Hot and cold running water has become so common in our homes that we can take for granted the incredible feats of engineering and technology that have made this modern convenience possible. For Home Inspectors, the plumbing system of a home can be a common place to discover deficiencies during a home inspection and because of life safety concerns with sewer gases, only licensed Plumbers should make changes to a plumbing system.
For most urban homes, the question of water source is not a concern as the municipality or local water utility deliver water to the property line. However, even this water had to be sourced from somewhere and for many communities, finding enough water for our insatiable demand is a challenge.
Water can be sourced from ground water like at lakes and rivers, or it can be sourced underground from wells and aquifers (underwater rivers). Often, to ensure enough water during the dry seasons, surface water will be stored using dams and reservoirs. The term watershed is used to describe the land area from which surface water run off comes to the water source. It is important that this watershed be free of pollutants or even natural contaminants so the water is safe for drinking.

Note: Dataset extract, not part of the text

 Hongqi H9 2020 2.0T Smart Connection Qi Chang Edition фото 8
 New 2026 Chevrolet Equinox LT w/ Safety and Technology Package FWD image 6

Drinking water nearly always needs to be treated in order to be safe. Even runoff from natural sources can carry with it bacteria that can make people very sick. This role is carried out by the local water utility and can use processes like ultraviolet light and adding small amounts of chlorine to make the water system safe.
Once the water has been treated, the utility uses a series of pipes, often laid under the road network, to deliver water to businesses and homes. In order for water to flow along the piping, the utility needs to maintain a pressure in the system that is high enough to reach multi-story buildings or be used for firefighting. This is achieved typically with gravity by raising water with pumps to higher ground or using water towers to store water at a higher elevation. Once the water is higher than the community, gravity will create water pressure needed for delivery. In some cases water pressure is created through the use of local pumps however this risks water not being available in a power outage or pump failure.

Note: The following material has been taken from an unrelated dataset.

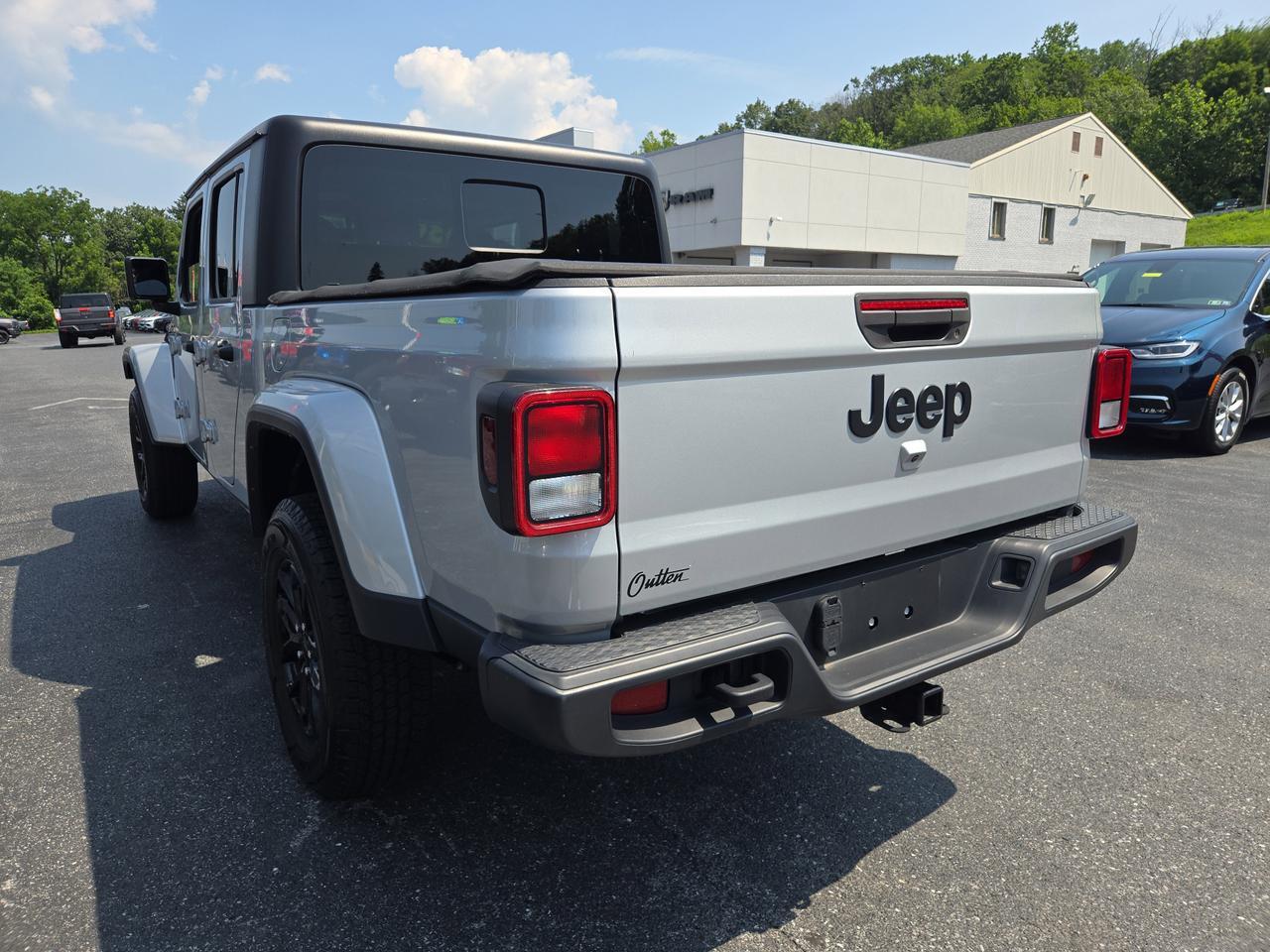 2022 Jeep Gladiator Altitude Hamburg PA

Water piping has been an area of major concern for some older communities. Original piping may have been anything from hollowed out logs to lead or copper pipes which could leach contaminants into the water supply. Today, most municipalities are installing high pressure plastic water piping systems. While this piping system is important to the home, it is outside the scope of a home inspection.

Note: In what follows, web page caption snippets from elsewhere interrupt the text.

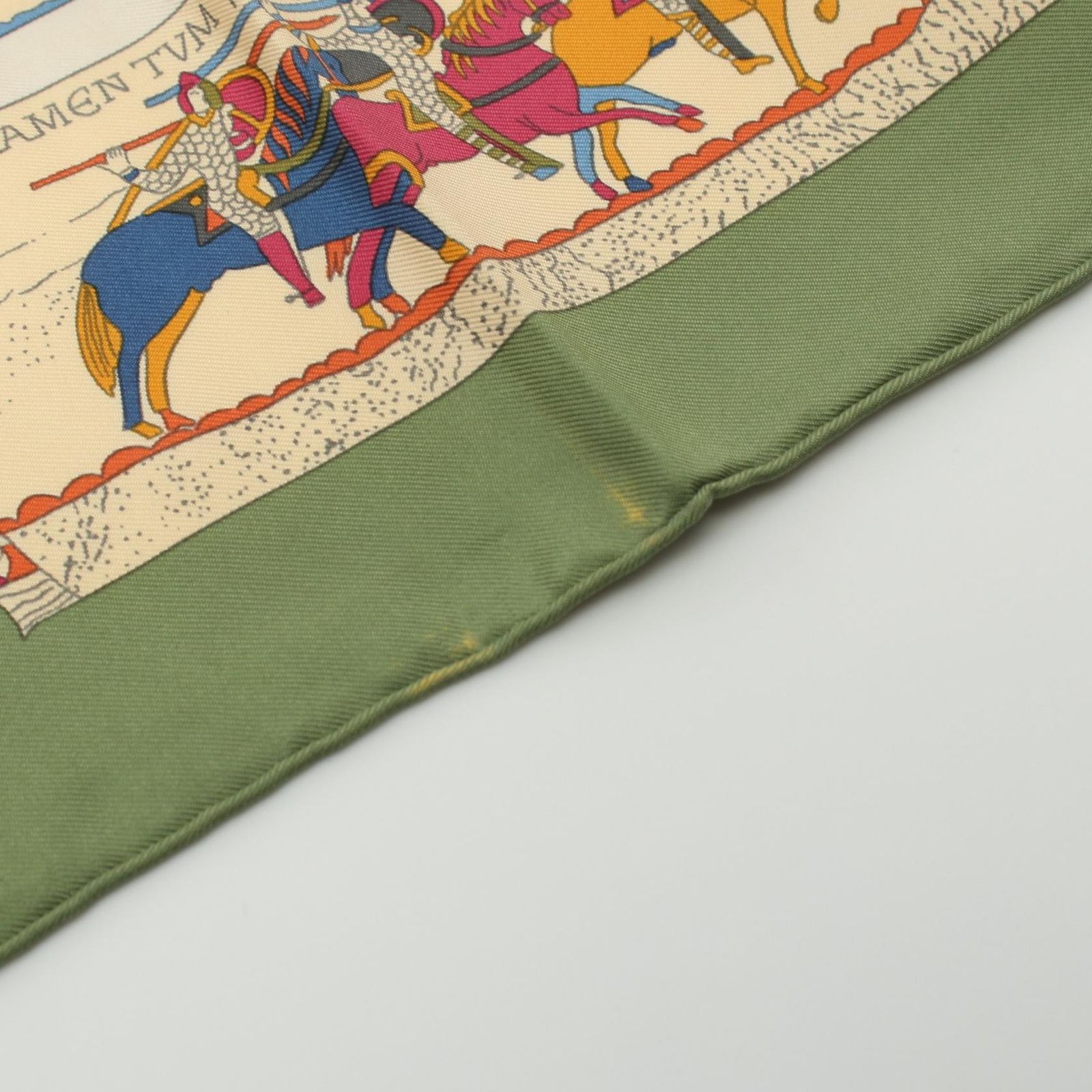 エルメス カレ90 A LA GLOIRE DE GVILLAVME スカーフ - メルカリ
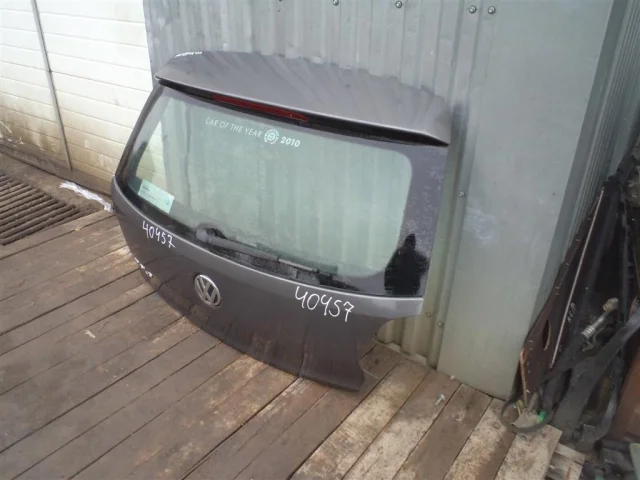 Крышка багажника для Volkswagen Polo V (6R) 2009-2014 на фотографиях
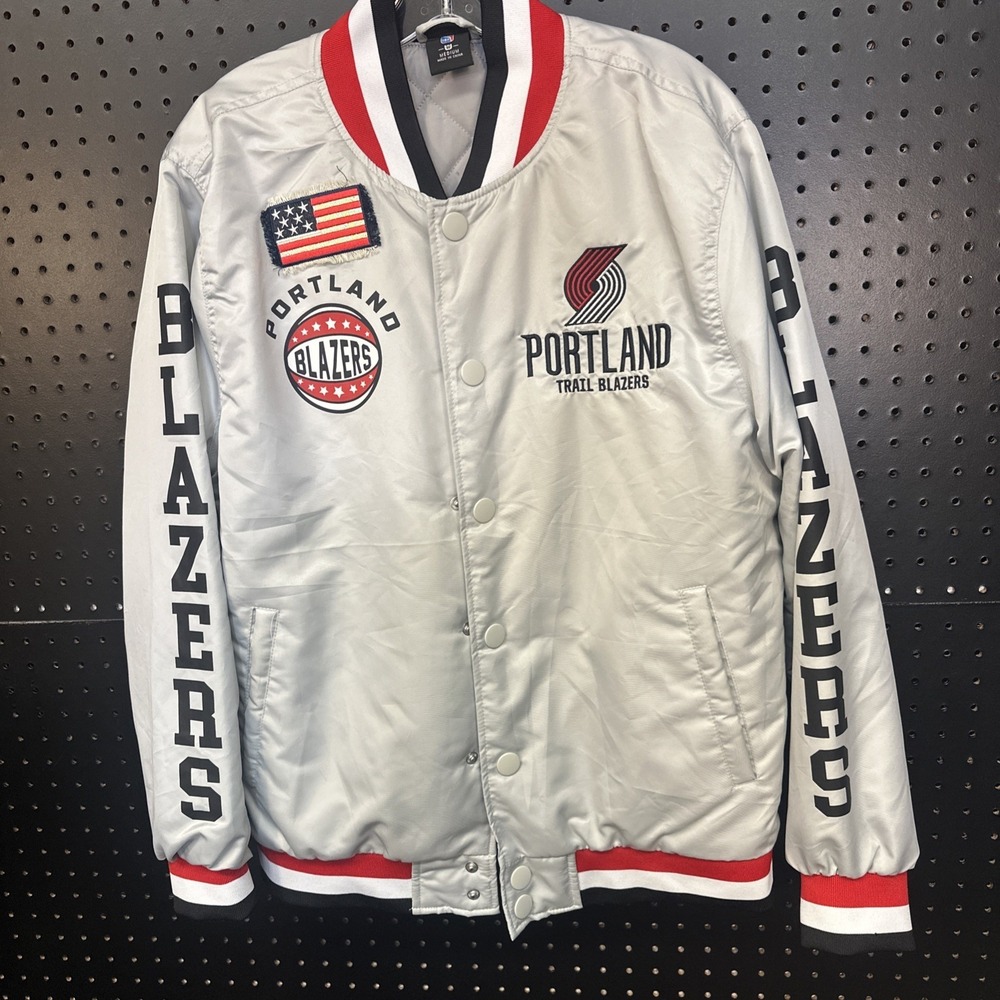 Portland Trail Blazers NBA Silver Satin Snap Jacket Men's Medium Quilted Lined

Many rural homes do not have access to a communal water supply and need to rely on either trucked in water or private well systems. Ensuring water is safe for drinking and in plentiful supply requires expert knowledge and testing in a lab which is why home inspectors always need to refer home buyers to experts when a well or private system is involved.
Water Supply Pipes
Water is transferred by the local water utility to the property line of the home where the homeowner then becomes responsible for the connection to the house itself. Commonly, at the property line there is a valve which can be turned on or off using a special water 'key' (a long rod with a special end). In the event of a catastrophic water system problem at the home, this valve isolates the entire property from the utility system.
The water supply pipe to the home is important to home owners for 4 reasons:
- Failures - Any failure of the pipe on the property from mechanical damage like shovels, vegetation like tree roots, or deterioration from age is the responsibility of the home owner. Unfortunately, as the line is buried, leaks or deterioration may not be noticed until there is a major problem. Small leaks over time can erode soil underground creating sinkholes or may be the source of water leaking into basement cracks.
- Water Supply Level - The amount of available water to the home is largely dependent on the size of pipe coming to the home. A newer 3/4" pipe, thanks to the increased surface area and reduced pressure losses, can carry 3 or more times the amount of water than an older 1/2" pipe could carry. This is particularly important when a home may have a basement suite added.
- In-Home Emergency Turn off - In addition to the utility shut off at the street, homes have an emergency water turn off at the supply pipe connection. In the event of an in-home water leak, this valve can turn off water and allow for maintenance. Identifying the location of this shut off is part of a standard home inspection.
- Pressure Reducing Valve - While this is technically after the supply pipe to the home, the Pressure Reducing Valve (PRV) takes the high pressure utility water and lowers it for domestic use. Utility water pressures can be in the hundreds of pounds per square inch (psi) while domestic taps and appliances are typically rated to a maximum if 80psi.
In condo's, the utility still delivers water to the property line where it becomes the responsibility of the strata to deliver the domestic water to each strata unit. Commonly, water turn offs still exist in each suite however the suite owner is usually only responsible for the water supply inside the unit itself.
Supply Water Distribution
There are many water pipes in a home. Supply pipes carry hot and cold domestic water, heating pipes may carry hot water from the heating system, fire sprinkler systems (rare in houses) may have high pressure water on standby, and drain pipes carry used water safely away. Supply water refers to the pressured domestic use water from the utility that makes its way to all the taps and appliances in the home.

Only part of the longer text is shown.